→ WHAT THE TASK REQUIRES
Write out, from the entries below, exactly the lines that run between the lines holding "Super 8 By Wyndham" and "TTXVN Khách tham", inclusive, and stop there.

→ EXERCISE INPUTS
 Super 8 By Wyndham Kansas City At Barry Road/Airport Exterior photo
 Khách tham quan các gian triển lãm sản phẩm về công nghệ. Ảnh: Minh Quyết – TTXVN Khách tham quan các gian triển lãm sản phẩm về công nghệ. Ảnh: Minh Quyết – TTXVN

---

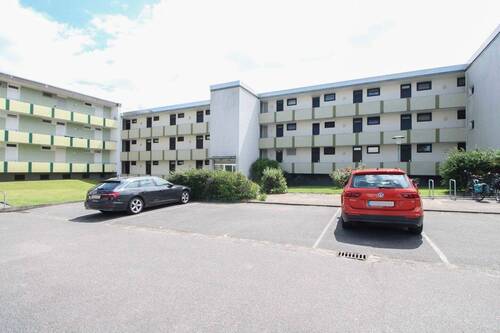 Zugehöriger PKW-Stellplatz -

→ ANSWER SPACE
 Super 8 By Wyndham Kansas City At Barry Road/Airport Exterior photo
 Khách tham quan các gian triển lãm sản phẩm về công nghệ. Ảnh: Minh Quyết – TTXVN Khách tham quan các gian triển lãm sản phẩm về công nghệ. Ảnh: Minh Quyết – TTXVN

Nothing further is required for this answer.